Semangat investasi pada reksa dana adalah market-based return yang berarti mekanisme pasarlah yang akan menentukan besar kecilnya rate of return yang akan diperoleh oleh seorang investor (Agus Sugiarto,2003:4). Hal tersebut menjadikan masyarakat mulai menyadari bahwa tingkat pengembalian (yield) investasi di reksa dana ternyata lebih tinggi dari investasi deposito atau produk perbankan lainnya dimana tingkat pengembalian industri reksa dana ini didukung oleh faktor makroekonomi seperti pertumbuhan GDP, kondisi moneter, suku bunga SBI, nilai tukar rupiah dan laju inflasi. Akan tetapi, faktor makroekonomi jugalah yang membuat kinerja reksa dana terpuruk.
Sertifikat Bank Indonesia (SBI) merupakan salah satu instrumen hutang (debt instrument) karena aset ini mengharuskan penerbitnya melakukan pembayaran kembali dalam jumlah tertentu yang terdiri dari nilai pokok ditambah bunga. Tingkat suku bunga SBI ditentukan pada pelelangan di kantor pusat Bank Indonesia pada hari Rabu setiap minggunya.

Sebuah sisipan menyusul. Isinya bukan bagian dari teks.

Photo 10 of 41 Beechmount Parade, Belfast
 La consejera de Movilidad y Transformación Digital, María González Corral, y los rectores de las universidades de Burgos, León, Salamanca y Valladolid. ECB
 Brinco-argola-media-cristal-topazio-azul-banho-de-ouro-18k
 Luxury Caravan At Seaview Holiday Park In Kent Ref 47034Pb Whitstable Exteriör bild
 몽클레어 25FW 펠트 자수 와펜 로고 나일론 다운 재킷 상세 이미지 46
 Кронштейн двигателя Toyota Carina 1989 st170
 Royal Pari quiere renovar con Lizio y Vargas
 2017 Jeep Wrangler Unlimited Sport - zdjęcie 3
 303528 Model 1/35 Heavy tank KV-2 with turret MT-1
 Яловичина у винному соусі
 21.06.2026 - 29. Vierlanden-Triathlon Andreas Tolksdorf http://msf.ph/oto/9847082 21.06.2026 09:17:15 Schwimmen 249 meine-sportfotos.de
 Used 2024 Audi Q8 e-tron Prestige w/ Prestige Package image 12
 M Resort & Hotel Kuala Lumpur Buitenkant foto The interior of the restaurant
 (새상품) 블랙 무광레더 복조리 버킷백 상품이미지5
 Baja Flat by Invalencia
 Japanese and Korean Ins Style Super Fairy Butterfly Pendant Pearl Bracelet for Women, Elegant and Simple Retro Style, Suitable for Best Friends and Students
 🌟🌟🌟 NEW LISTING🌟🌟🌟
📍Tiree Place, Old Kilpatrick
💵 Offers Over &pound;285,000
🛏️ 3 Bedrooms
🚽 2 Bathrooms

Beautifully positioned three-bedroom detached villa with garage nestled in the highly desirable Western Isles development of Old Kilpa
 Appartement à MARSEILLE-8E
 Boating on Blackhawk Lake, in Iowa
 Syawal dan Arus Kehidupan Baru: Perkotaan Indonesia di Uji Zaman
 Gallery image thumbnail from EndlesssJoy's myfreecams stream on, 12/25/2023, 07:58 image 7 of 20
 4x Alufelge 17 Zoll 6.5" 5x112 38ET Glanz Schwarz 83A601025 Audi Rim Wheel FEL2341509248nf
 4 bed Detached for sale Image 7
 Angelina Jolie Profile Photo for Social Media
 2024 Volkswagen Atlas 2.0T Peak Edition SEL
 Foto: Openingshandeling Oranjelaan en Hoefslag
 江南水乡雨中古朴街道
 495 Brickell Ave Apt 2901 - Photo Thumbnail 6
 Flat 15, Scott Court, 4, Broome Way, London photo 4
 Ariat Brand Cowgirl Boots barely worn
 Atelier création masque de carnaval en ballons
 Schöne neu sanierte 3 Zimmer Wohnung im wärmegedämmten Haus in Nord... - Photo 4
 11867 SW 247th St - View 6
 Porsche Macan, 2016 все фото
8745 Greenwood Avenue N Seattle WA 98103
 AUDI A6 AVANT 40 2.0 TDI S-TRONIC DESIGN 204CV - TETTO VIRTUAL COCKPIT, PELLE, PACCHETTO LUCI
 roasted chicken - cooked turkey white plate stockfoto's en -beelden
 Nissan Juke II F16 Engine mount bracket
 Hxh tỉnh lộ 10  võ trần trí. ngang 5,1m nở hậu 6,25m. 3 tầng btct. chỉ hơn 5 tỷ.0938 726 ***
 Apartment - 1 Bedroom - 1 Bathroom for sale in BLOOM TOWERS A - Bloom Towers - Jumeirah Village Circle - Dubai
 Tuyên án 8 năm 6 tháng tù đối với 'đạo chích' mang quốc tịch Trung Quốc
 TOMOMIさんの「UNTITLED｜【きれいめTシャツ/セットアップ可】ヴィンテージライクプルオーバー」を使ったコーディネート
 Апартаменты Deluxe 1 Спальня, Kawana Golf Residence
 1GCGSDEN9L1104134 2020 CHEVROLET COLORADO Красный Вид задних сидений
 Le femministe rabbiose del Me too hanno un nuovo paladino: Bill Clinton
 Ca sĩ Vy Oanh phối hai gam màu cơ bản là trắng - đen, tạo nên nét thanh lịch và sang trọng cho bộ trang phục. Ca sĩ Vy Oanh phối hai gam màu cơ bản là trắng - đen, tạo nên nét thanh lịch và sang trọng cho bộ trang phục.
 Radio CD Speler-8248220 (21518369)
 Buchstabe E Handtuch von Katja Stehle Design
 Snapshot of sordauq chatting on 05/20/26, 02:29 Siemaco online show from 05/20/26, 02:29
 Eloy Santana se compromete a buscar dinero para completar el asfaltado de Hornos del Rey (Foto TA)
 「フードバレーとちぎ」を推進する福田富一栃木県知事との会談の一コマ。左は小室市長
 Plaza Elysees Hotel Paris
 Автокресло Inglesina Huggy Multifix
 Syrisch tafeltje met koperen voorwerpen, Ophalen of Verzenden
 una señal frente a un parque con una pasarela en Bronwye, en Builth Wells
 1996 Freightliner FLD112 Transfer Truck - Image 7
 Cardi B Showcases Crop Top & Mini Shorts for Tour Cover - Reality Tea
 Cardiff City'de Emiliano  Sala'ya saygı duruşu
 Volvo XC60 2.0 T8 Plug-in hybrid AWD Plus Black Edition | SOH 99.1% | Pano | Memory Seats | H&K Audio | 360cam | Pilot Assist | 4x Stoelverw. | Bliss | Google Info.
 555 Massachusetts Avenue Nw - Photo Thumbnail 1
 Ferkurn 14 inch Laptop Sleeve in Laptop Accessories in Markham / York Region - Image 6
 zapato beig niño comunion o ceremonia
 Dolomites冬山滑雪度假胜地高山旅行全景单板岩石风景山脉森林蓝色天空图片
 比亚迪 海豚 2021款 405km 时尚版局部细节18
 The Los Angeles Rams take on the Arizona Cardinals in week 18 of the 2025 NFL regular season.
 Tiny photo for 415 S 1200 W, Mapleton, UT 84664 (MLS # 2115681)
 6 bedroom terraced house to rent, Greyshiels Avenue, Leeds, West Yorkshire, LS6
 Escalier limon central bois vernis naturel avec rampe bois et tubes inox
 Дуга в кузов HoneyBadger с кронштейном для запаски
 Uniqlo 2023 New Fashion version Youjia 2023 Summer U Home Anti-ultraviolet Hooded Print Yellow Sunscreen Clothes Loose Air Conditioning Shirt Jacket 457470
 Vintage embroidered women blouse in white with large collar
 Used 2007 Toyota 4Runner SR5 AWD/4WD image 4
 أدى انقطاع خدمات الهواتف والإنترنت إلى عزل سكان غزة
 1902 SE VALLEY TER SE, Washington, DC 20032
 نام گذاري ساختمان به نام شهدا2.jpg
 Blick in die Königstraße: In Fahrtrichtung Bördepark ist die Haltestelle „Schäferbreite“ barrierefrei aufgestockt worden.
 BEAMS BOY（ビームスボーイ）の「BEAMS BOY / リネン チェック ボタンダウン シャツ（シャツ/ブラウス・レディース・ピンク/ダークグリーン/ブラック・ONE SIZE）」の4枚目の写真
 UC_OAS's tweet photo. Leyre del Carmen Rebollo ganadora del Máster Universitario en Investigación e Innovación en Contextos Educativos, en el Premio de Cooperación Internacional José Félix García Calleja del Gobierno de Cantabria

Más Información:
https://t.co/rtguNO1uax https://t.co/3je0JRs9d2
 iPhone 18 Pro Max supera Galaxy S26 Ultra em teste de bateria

Sertifikat Bank Indonesia memiliki pengaruh terhadap perkembangan reksa dana yakni jika tingkat suku bunga SBI mengalami kenaikan maka tingkat suku bunga deposito berjangka juga akan naik sehingga penanaman modal dalam bentuk deposito berjangka menjadi lebih menarik, disisi lain tingkat bunga pinjaman

perbankan juga akan naik yang akan menyebabkan turunnya pendapatan perusahaan karena peningkatan jumlah pembayaran bunga hutang sehingga penanaman modal pada reksa dana juga akan berkurang, akibatnya total nilai aktiva bersih (NAB) reksa dana juga akan mengalami penurunan. Apabila dibandingkan berdasarkan data yang diperoleh terhadap salah satu sampel tahunan, pada tahun 2009 triwulan pertama pada tingkat suku bunga SBI 8,74 persen, total nilai aktiva bersih (NAB) sebesar Rp 75,03 Triliun sedangkan ketika pada tahun 2009 triwulan keempat, ketika tingkat suku bunga SBI mengalami penurunan menjadi 6,59 persen, total nilai aktiva bersih (NAB) mengalami kenaikan yakni menjadi Rp 109,64 Triliun. (Bank Indonesia; 2001-2009)
Selain itu, nilai tukar/kurs (exchange rate) juga memiliki pengaruh terhadap perkembangan reksa dana. Nilai tukar rupiah terutama terhadap dollar AS merupakan salah satu faktor yang sangat penting bagi perkembangan dunia usaha. Fluktuasi nilai tukar yang berlebihan (over fluctuation) merupakan kendala operasional yang paling ditakuti oleh para pengusaha, karena di dalam dunia usaha sangat diperlukan kestabilan dan kepastian dalam perencanaan usaha dan investasi.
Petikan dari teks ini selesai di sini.